COMMON CORE STANDARDS DAILY UPDATE // MARCH 9, 2015

News You Can Use:

Albuquerque Journal, “U.S. Needs Common Core in All the States”: The United States is losing strength in “human capital,” an area vital to success in a global economy, writes Robert Frank, president of the University of New Mexico. “The only way to keep up or gain momentum is to have a common core of educational benchmarks that are universal, standardized and measureable.” Noting CCSS-aligned testing has become controversial, Frank says states should not lose sight of the bigger purpose of assessments: achieving “educational excellence through tougher expectations that make our students more competitive and successful.” “While PARCC and Common Core are connected, they are not one in the same…consternation [over CCSS-aligned exams] should not overshadow or diminish the original intent of Common Core, to provide a standards for…college and career readiness.” Frank concludes, if “universities work with their K-12 partners through the Common Core State Standards, we can reduce, and hopefully eliminate the need for remediation altogether.”
What It Means: In states across the country the higher education community has worked closely with their K-12 counterparts to help implement CCSS. Each year, as many as 40% of college-bound freshmen require remediation. By setting high standards for all students CCSS better ensure that young people will graduate with the skills to succeed in college or a career.

Washington Post, “Let States Take the Lead in Education”: Parents and local teachers should have control over education, and the federal government’s roles should be limited to creating transparency, supporting policies with a proven record, and ensuring extra help for students who need it, writes former Florida Gov. Jeb Bush. “In short, the federal role should be subservient to the role of states.” “Such control can work,” the piece states. “We’ve seen more than 40 states voluntarily work together to create the Common Core standards…I support such rigorous, state-driven academic standards. Some states would rather set their own standards, and that’s appropriate, provided they are high standards.” Gov. Bush concludes, “If we are to move forward on education reform, the states and local authorities must be allowed to lead.”

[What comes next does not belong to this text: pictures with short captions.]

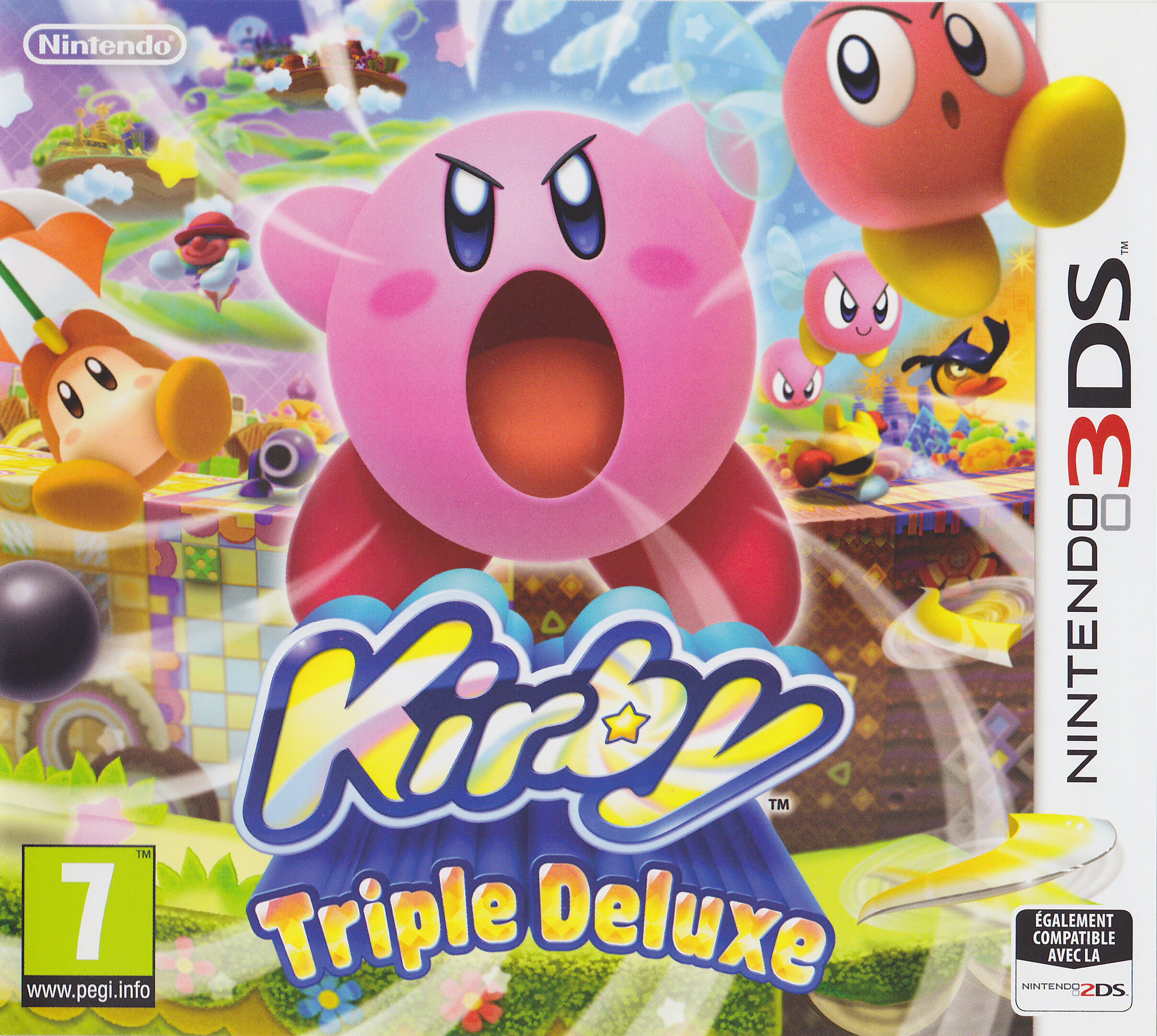 Kirby: Triple Deluxe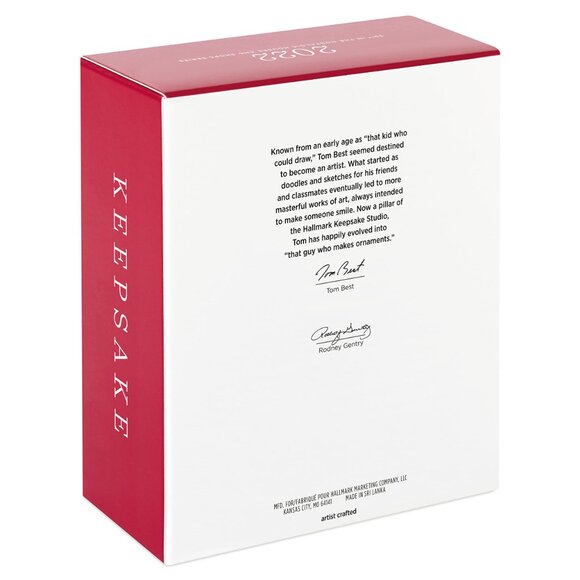 New! Bicycle Shop Keepsake Korners Hallmark Keepsake Christmas Ornament 2022 - Picture 2 of 5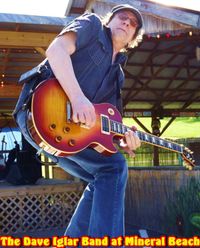 Dave Iglar Band @ Tiki Bar at Mineral Beach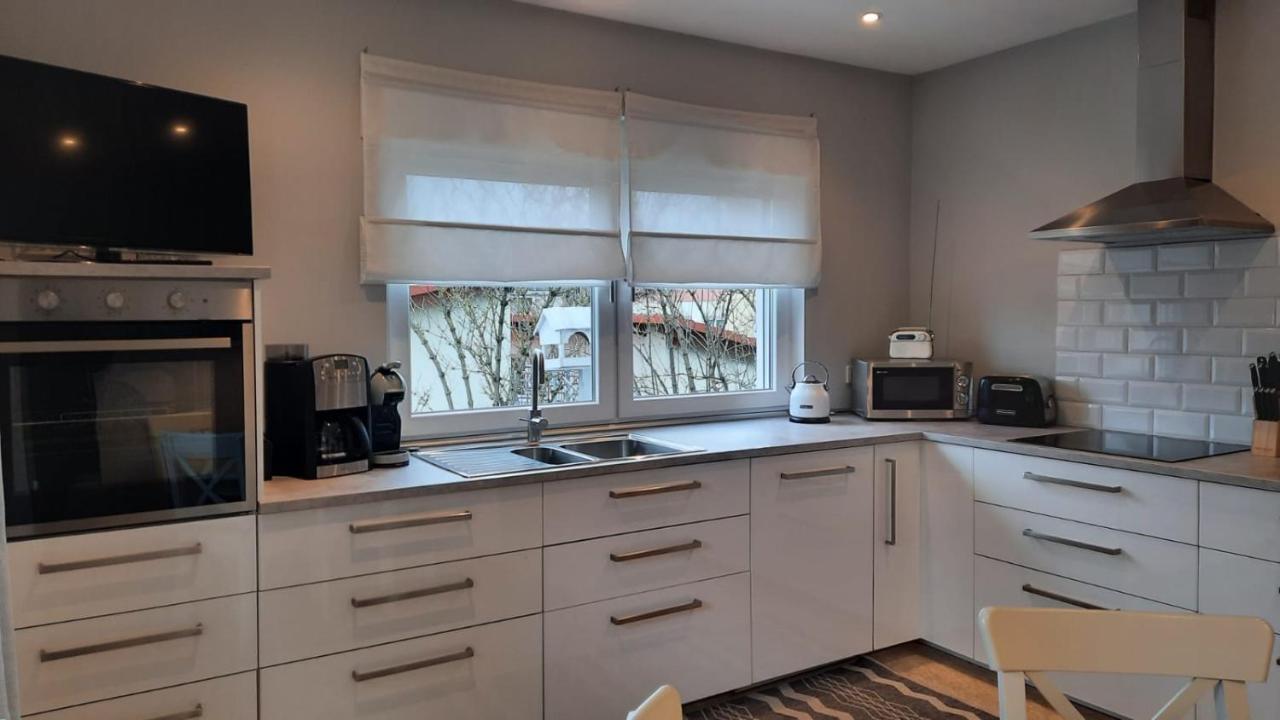 Ferienhaus "Villa Am Eck" Eichenzell Exteriör bild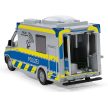 SIKU Mercedes-Benz Sprinter policajné auto - 2301 (69301)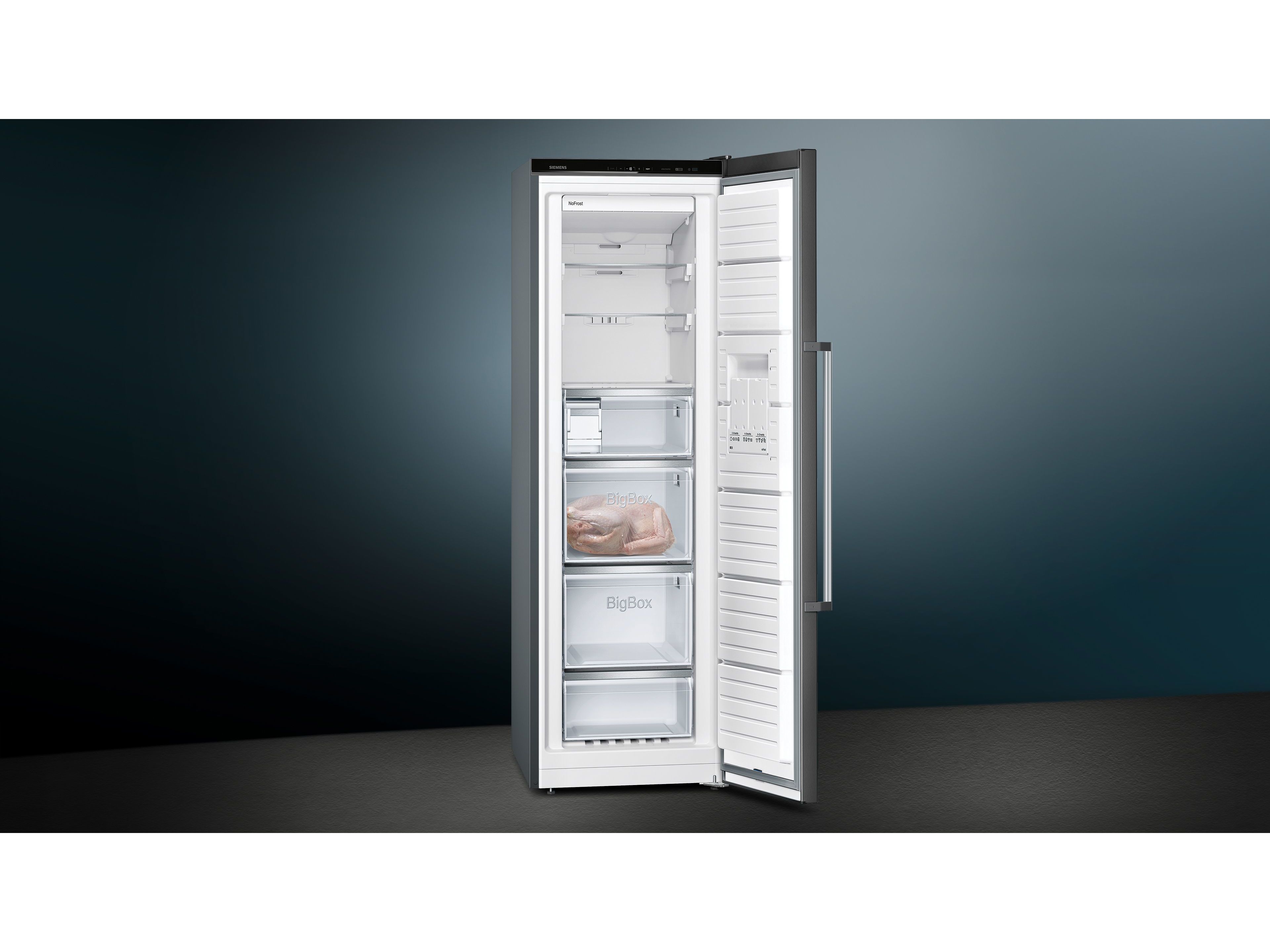 ARCA VERTICAL SIEMENS GS36NAXEP INOX E NO FROST 246 L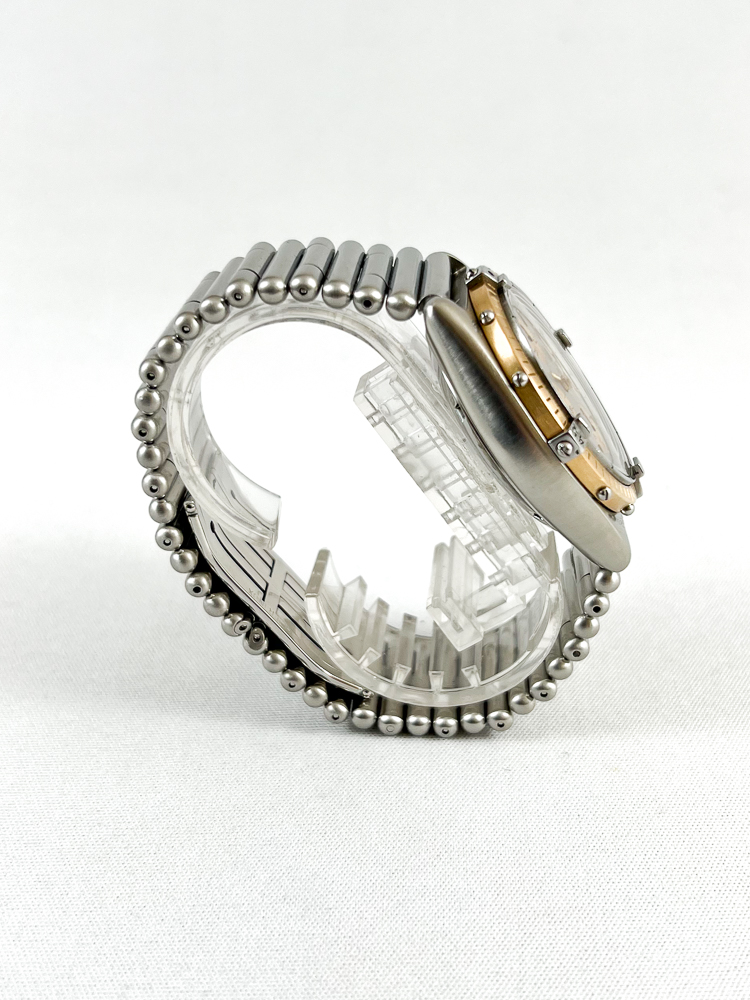 Breitling Chronomat oro acciaio04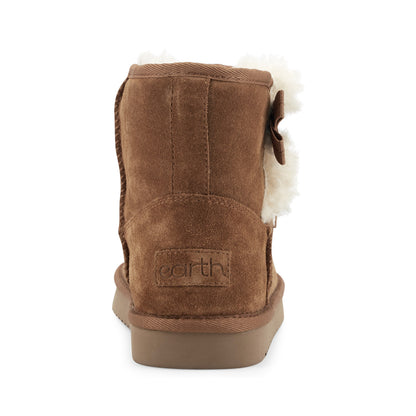 Earth Shoes Worldly Cozy Booties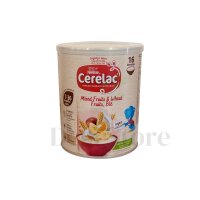 Cerelac Wheat & Mix Fruits (Nestle) 400g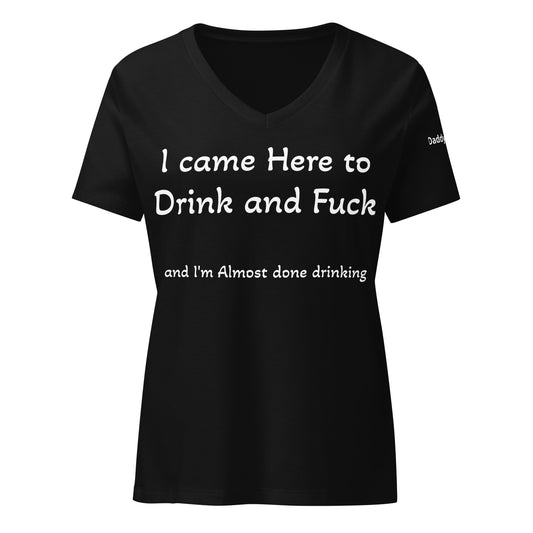 Women’s relaxed v-neck t-shirt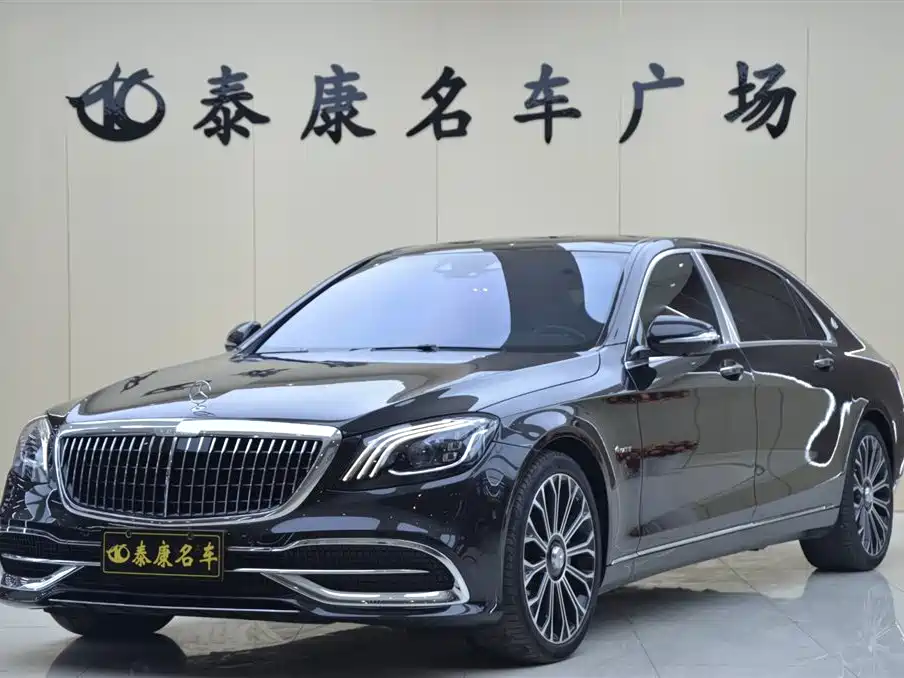 Mercedes-Benz S-Class 2020 — фото 1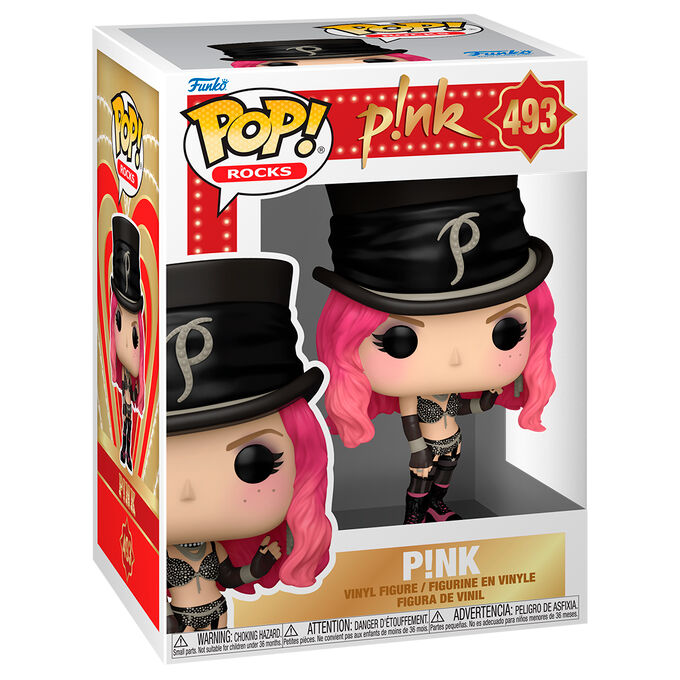 Pink Lady Marmalade POP Figure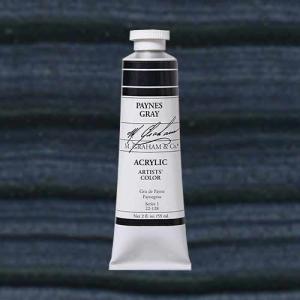 M. Graham & Co. Acrylic Paint - (2oz/60ml) Paynes Gray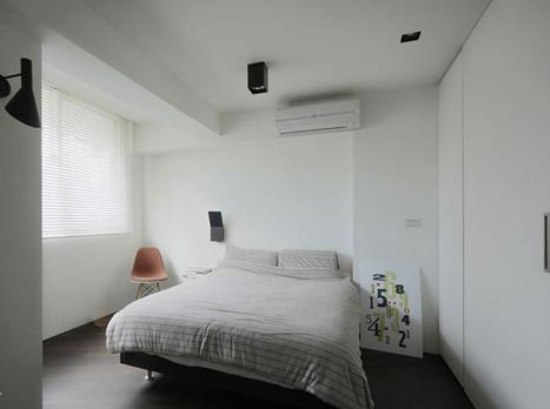 家居装修DIY 80平简约阳光居
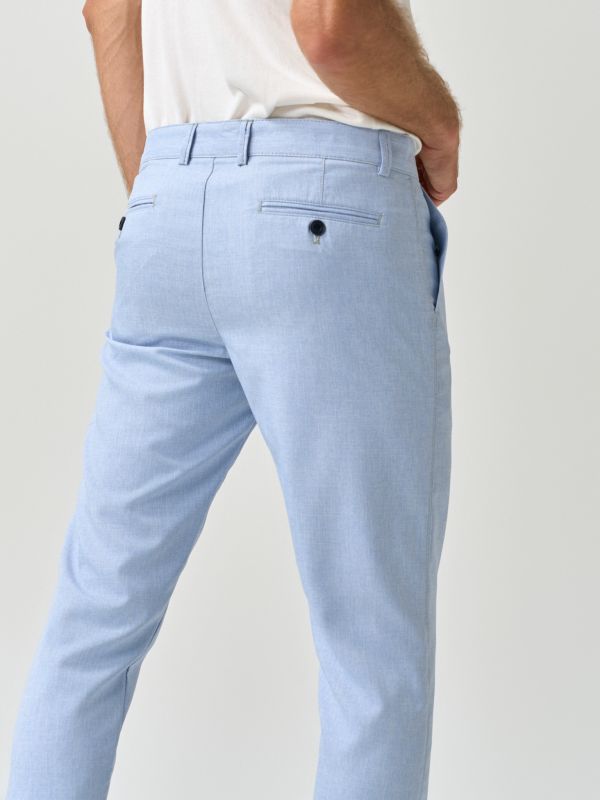 Slim Fit Trousers - Image 2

What It Means: Gov. Bush, who unlike several likely presidential candidates has remained resolute in his support for CCSS, makes clear that authority over education issues must remain at the local and state level. The piece points out CCSS help ensure that balance and has helped states work together to achieve better student outcomes without federal involvement. Contrary to opponents’ claims, polling shows the public strongly supports rigorous education standards and support for CCSS may help candidates who are able to articulate the value of setting high expectations.

Knoxville News Sentinel (Paywall), “Higher Standards Needed Pre-College”: The success of programs like Tennessee Promise, which provide greater access to higher education, hinge on the preparation that students receive in K-12, write Wade McCamey, Chris Whaley and Anthony Wise Jr., heads of three Tennessee community colleges. “Our colleges and universities see far too many students who have arrived unprepared for college-level work despite having graduated from high school,” the authors say. “The heart of the problem is that, in the past, standards for K-12 were not adequately aligned with the needs of higher education or career-preparedness.” Noting proficiency rates and college-readiness scores have increased under CCSS, the authors say, “As our expectations rise, so does [student] performance.” “We believe that staying the course with rigorous K-12 standards and putting new student assessments in place that measure college readiness will be critical to achieving these goals.”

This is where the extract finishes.